## Exercise
Return verbatim the portion of the material below that starts at the line containing "Human Test Chip: Approved by TSN_" and ends at its last line.

## Source material
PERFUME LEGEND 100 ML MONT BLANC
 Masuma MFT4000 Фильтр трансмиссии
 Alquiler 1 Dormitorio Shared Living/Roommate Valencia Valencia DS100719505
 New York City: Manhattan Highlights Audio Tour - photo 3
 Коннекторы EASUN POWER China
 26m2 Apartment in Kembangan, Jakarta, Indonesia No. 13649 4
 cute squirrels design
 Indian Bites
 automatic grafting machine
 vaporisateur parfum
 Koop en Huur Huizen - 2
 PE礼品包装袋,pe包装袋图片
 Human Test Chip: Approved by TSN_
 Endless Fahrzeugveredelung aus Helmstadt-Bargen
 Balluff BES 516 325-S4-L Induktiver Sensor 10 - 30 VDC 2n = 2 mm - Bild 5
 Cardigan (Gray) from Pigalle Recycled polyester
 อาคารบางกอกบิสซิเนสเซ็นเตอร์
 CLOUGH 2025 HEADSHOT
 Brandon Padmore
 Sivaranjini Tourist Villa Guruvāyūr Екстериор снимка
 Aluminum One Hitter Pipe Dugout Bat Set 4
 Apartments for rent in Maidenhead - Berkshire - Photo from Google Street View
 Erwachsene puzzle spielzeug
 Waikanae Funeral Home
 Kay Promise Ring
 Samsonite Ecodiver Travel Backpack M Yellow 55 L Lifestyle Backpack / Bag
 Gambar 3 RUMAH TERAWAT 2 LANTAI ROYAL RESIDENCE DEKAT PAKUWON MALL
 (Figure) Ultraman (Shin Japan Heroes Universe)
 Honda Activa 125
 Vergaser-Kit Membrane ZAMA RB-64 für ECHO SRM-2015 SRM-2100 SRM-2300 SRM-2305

## Solution to this task
 Human Test Chip: Approved by TSN_
 Endless Fahrzeugveredelung aus Helmstadt-Bargen
 Balluff BES 516 325-S4-L Induktiver Sensor 10 - 30 VDC 2n = 2 mm - Bild 5
 Cardigan (Gray) from Pigalle Recycled polyester
 อาคารบางกอกบิสซิเนสเซ็นเตอร์
 CLOUGH 2025 HEADSHOT
 Brandon Padmore
 Sivaranjini Tourist Villa Guruvāyūr Екстериор снимка
 Aluminum One Hitter Pipe Dugout Bat Set 4
 Apartments for rent in Maidenhead - Berkshire - Photo from Google Street View
 Erwachsene puzzle spielzeug
 Waikanae Funeral Home
 Kay Promise Ring
 Samsonite Ecodiver Travel Backpack M Yellow 55 L Lifestyle Backpack / Bag
 Gambar 3 RUMAH TERAWAT 2 LANTAI ROYAL RESIDENCE DEKAT PAKUWON MALL
 (Figure) Ultraman (Shin Japan Heroes Universe)
 Honda Activa 125
 Vergaser-Kit Membrane ZAMA RB-64 für ECHO SRM-2015 SRM-2100 SRM-2300 SRM-2305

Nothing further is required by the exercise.